But the illustration said "killed". Is that what happened, really? Or just some terrible lapses in judgement? 
I didn't follow the case, and I don't even play a lawyer on TV or stage, but was this not manslaughter?


----------



## Lord Vader (Sep 20, 2004)

Manslaughter and killed = the same thing. Murder is a different story.


----------



## hilmar2k (Mar 18, 2007)

Lord Vader said:


> Manslaughter and killed = the same thing. Murder is a different story.


Manslaughter = woops


----------



## Drew2k (Aug 16, 2006)

Interesting turn this took, with the question essentially: does the punishment fit the crime?

Is piracy worse than manslaughter (justifying an extra year of incarceration for piracy)? On the face of it, no.

Piracy of IP content is a white collar crime that many think is victim-less, but I'm not sure of that, yet I do have a problem with someone only serving 4 years for manslaughter versus 5 years for piracy.

Then I think about another "white collar crime" involving theft of intellectual property that can result in a life sentence or execution: espionage and stealing/selling state secrets. And I have no problem with a life sentence for a traitor.

I guess what I would settle on is that all crime and punishment has to be relative, and this is why we have juries and judges and appeals processes in the event that a punishment is too harsh...


----------



## SayWhat? (Jun 7, 2009)

Drew2k said:


> Interesting turn this took, with the question essentially: does the punishment fit the crime?
> 
> Is piracy worse than manslaughter (justifying an extra year of incarceration for piracy)?
> 
> Piracy of IP content is a white collar crime that many think is victim-less, but I'm not sure of that, yet I do have a problem with someone only serving 4 years for manslaughter versus 5 years for piracy.


This is the kind of thing that causes jail/prison overcrowding. Too many people facing or doing time for non-violent offenses.

This should be a civil matter only, not criminal. Reasonable fines, penalties or restitution, but no jail time.


----------



## SayWhat? (Jun 7, 2009)

> A New Zealand judge has ruled that investigators obtained evidence unlawfully in a search of Megaupload.com founder Kim Dotcom's home, dealing a huge blow to the U.S. case against the online file-sharing company.
> 
> High Court Chief Justice Helen Winkelmann said in the ruling Thursday that warrants used by New Zealand authorities to conduct the search at the FBI's behest were too broadly defined and "did not adequately describe the offenses to which they were related."
> 
> "Indeed, they fell well short of that," she said in the 56-page ruling. "They were general warrants, and as such, are invalid."
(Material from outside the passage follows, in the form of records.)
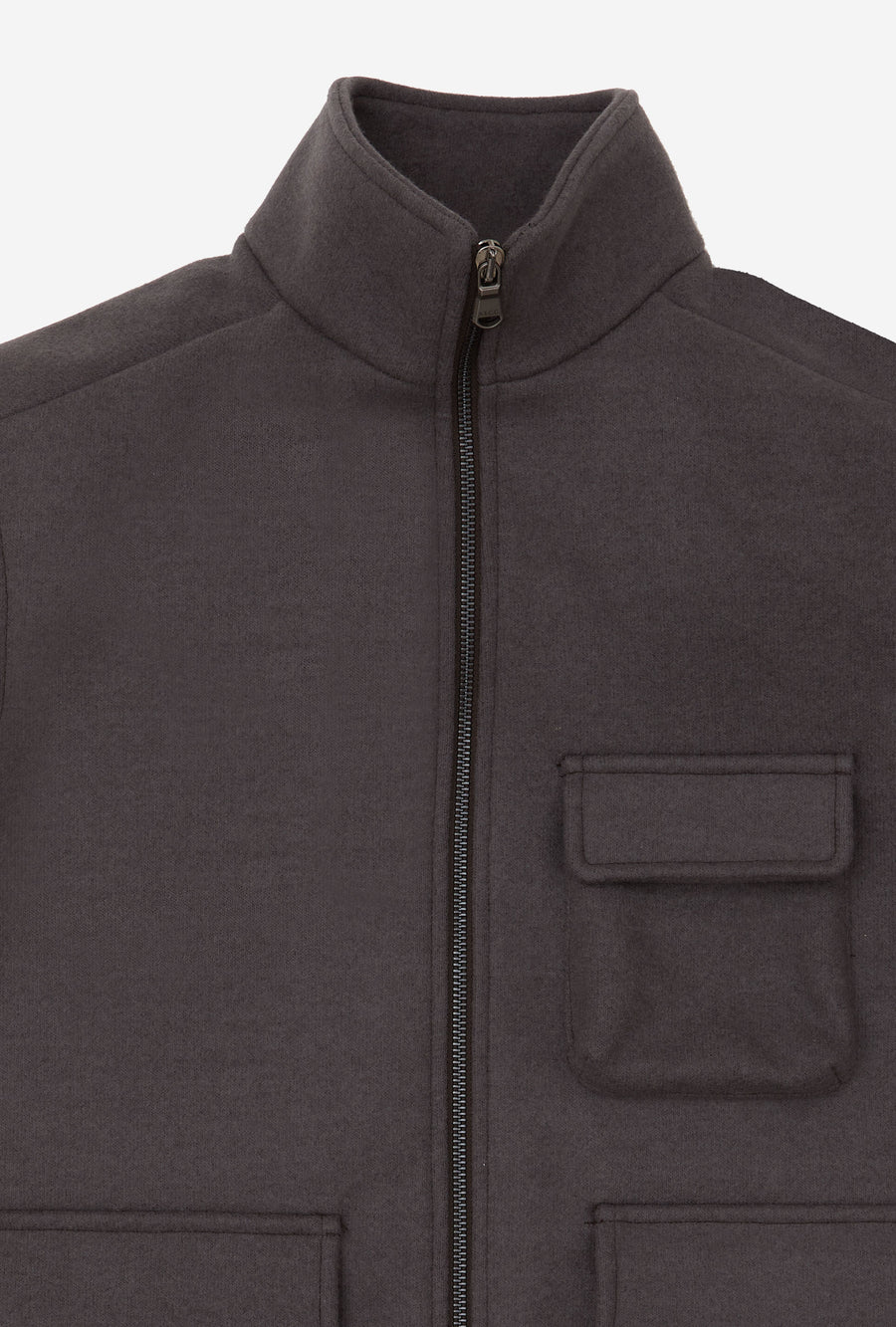 Gilet Wool Jersey Nickel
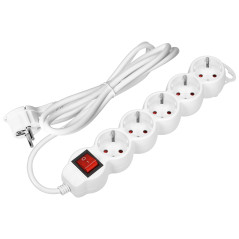 Förlängningssladd 5-vägs 2P+Z (Schuko), med strömbrytare, 5m H05VV-F 3x1,5mm2, Imax-16A, platt stickpropp, vit
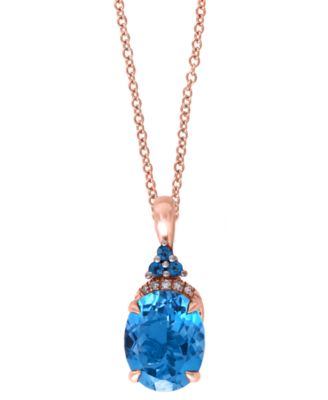 EFFY Collection - London Blue Topaz (3-1/6 ct. t.w.) & Diamond Accent Oval 18" Pendant Necklace 14k Rose Gold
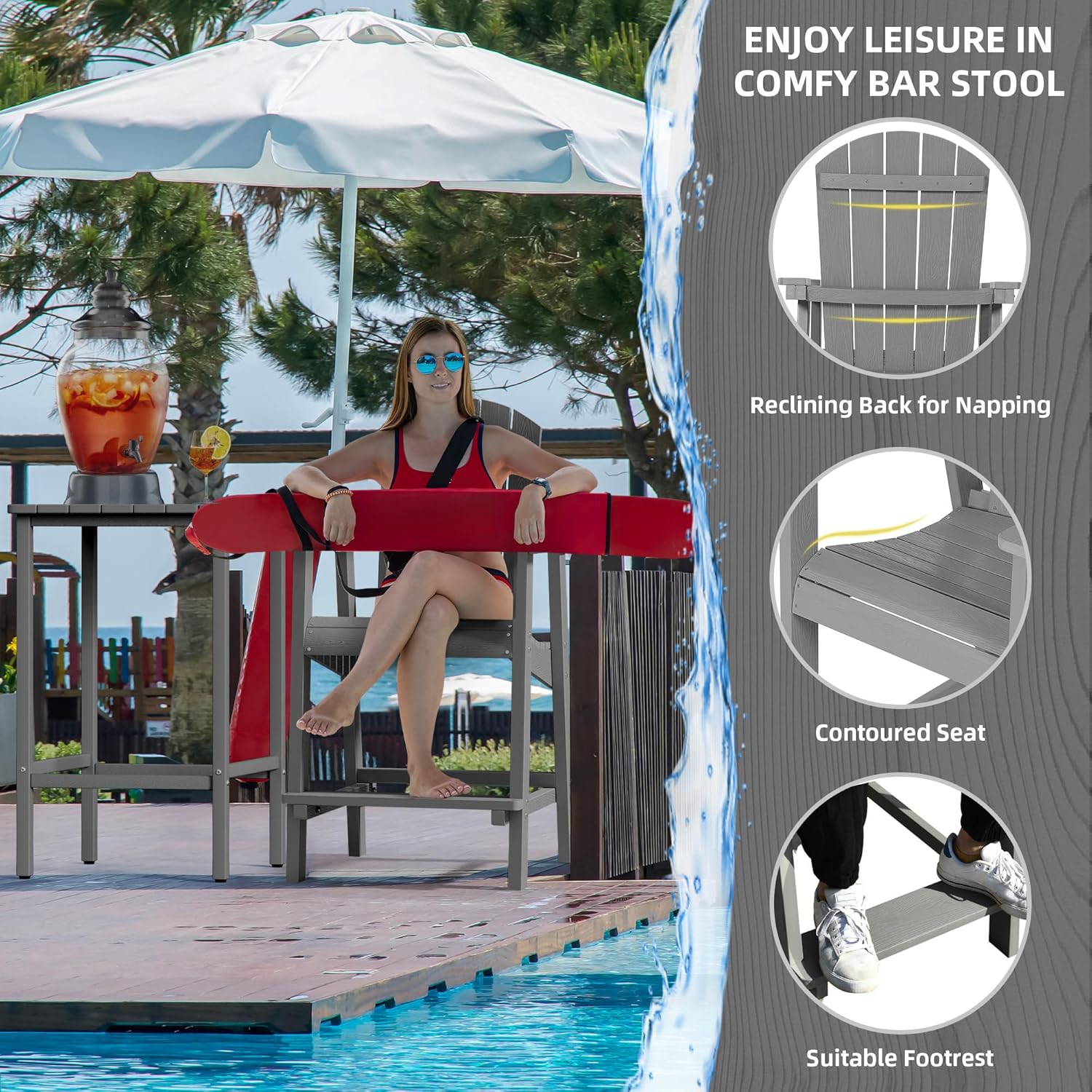 DWVO 25" Tall Adirondack Chair, HIPS Bar Stools Outdoor Seating High Back Outdoor Chairs Lifeguard Chair, Ideal for Deck, Pool, Patio, Porch, Balcony, Gray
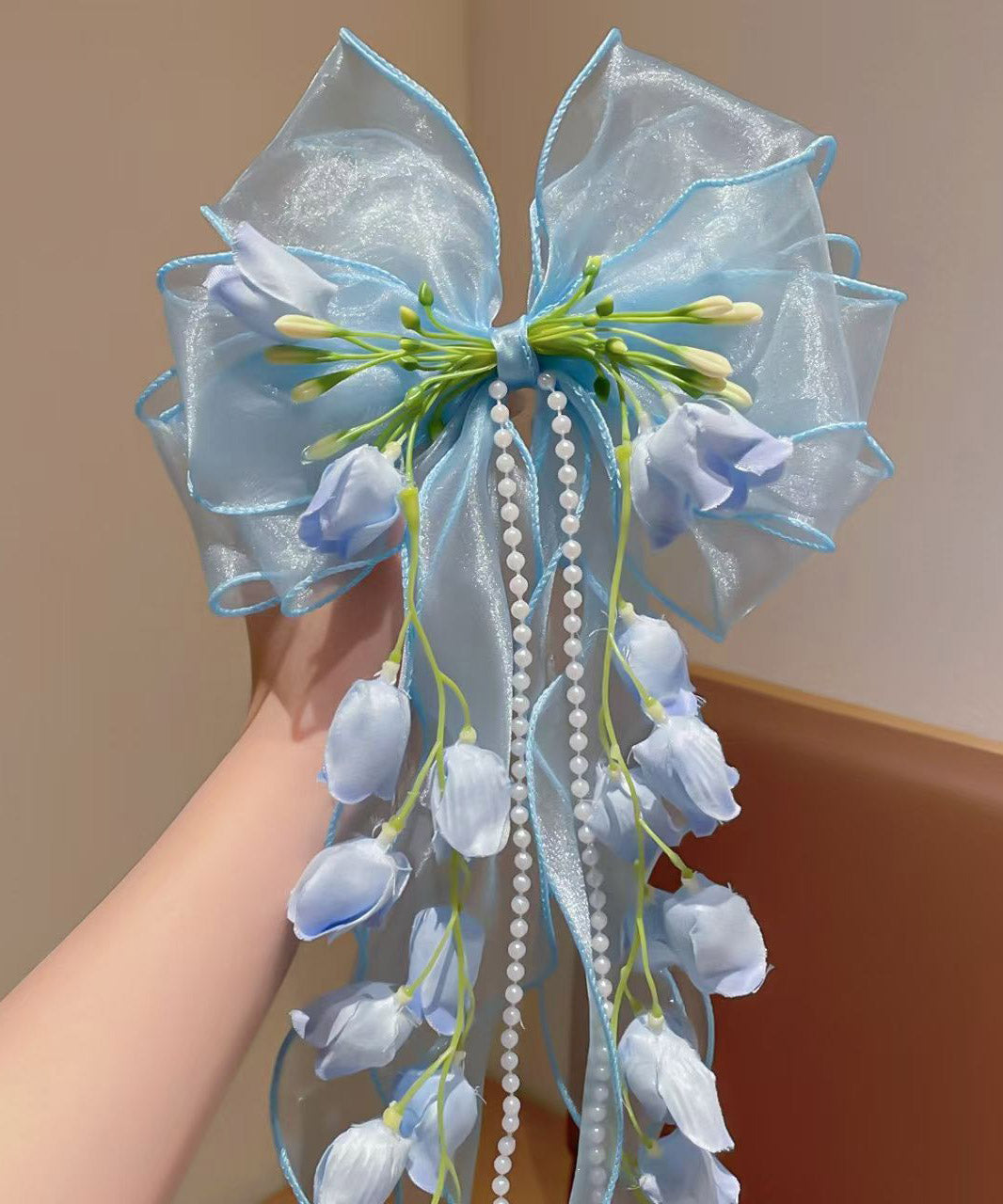 Pink Alloy Bow Lily of the Valley Tassel Hairpin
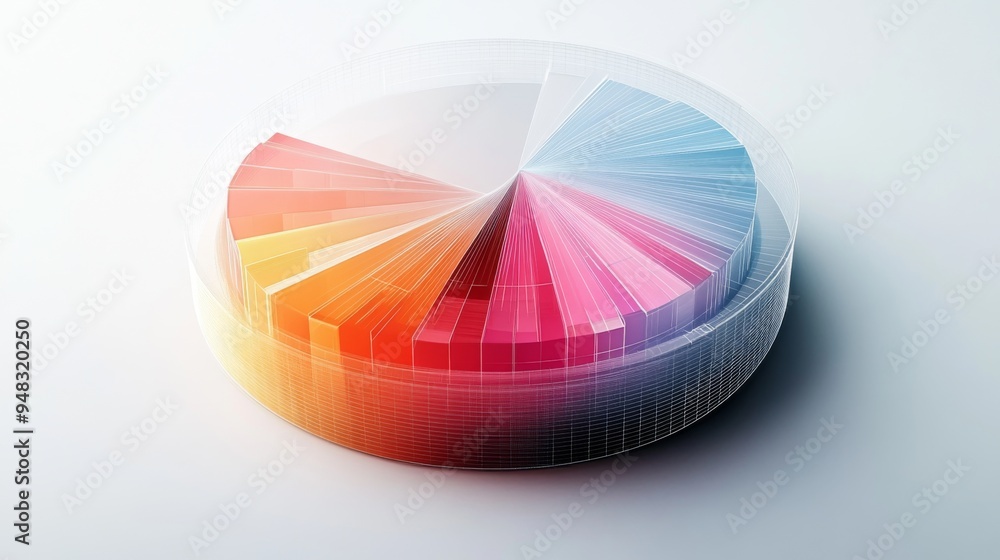 Poster a detailed 3d pie chart with animated data transitions, demonstrating changes in data proportions ov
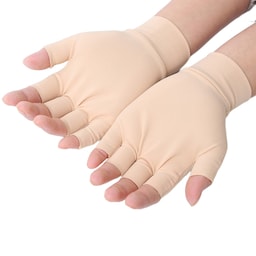 1 par kompressions-halvfingerhandsker til fingre og håndsmertelindring Beige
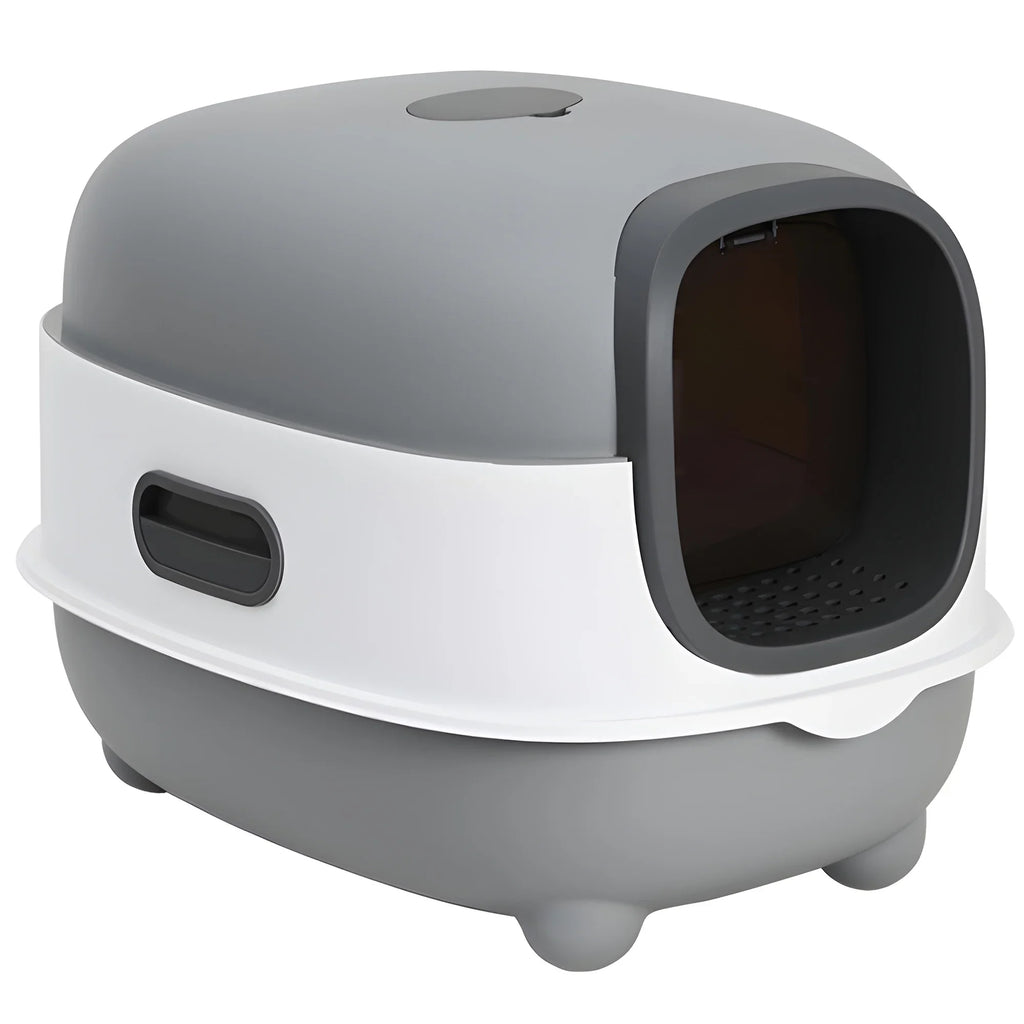 EOIVSizeH Large Cat Litter Box,Pets Enclosed Cat Litter Boxes,Odor Control,Jumbo Hooded,Gray,Door Isolate Sizemelly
http://www.latimes.com/business/technology/la-fi-tn-megaupload-search-20120628,0,3879393.story



> (Reuters) - Search warrants used when 70 New Zealand police raided the mansion of the suspected kingpin of an Internet piracy ring were illegal, a New Zealand court ruled on Thursday, dealing a blow to the FBI's highest profile global copyright theft case.
> 
> German national Kim Dotcom, also known as Kim Schmitz, was one of four men arrested in January as part of an investigation of his Megaupload.com website led by the U.S. Federal Bureau of Investigation (FBI).
> 
> ...


http://in.reuters.com/article/2012/06/28/us-newzealand-dotcom-court-idINBRE85R08720120628



> And what were the cops looking for? They didn't know, exactly. Because they were not investigating the case-the FBI was doing that-the police executing the search had limited knowledge of what was truly useful and necessary. As the judge put it, the people executing the warrant "were not the investigating officers and had limited knowledge of the operation," despite being briefed before the raid went down.


http://arstechnica.com/tech-policy/...search-warrants-invalid-mansion-raid-illegal/


----------



## phrelin (Jan 18, 2007)

And that's why we in the "first world" have courts that can overturn the actions of the executive branches of our governments. The system may not always be perfect, but usually it stumbles through to the right decision.


----------



## SayWhat? (Jun 7, 2009)

> Prosecutors concede that they have failed to serve a criminal summons upon a Megaupload officer but still say a federal judge should uphold its indictment.


Lots more legalese here: http://www.courthousenews.com/2013/01/16/53993.htm

Between this and the other case in the news, me t'inks the US Attorneys Office needs some clearing out.


----------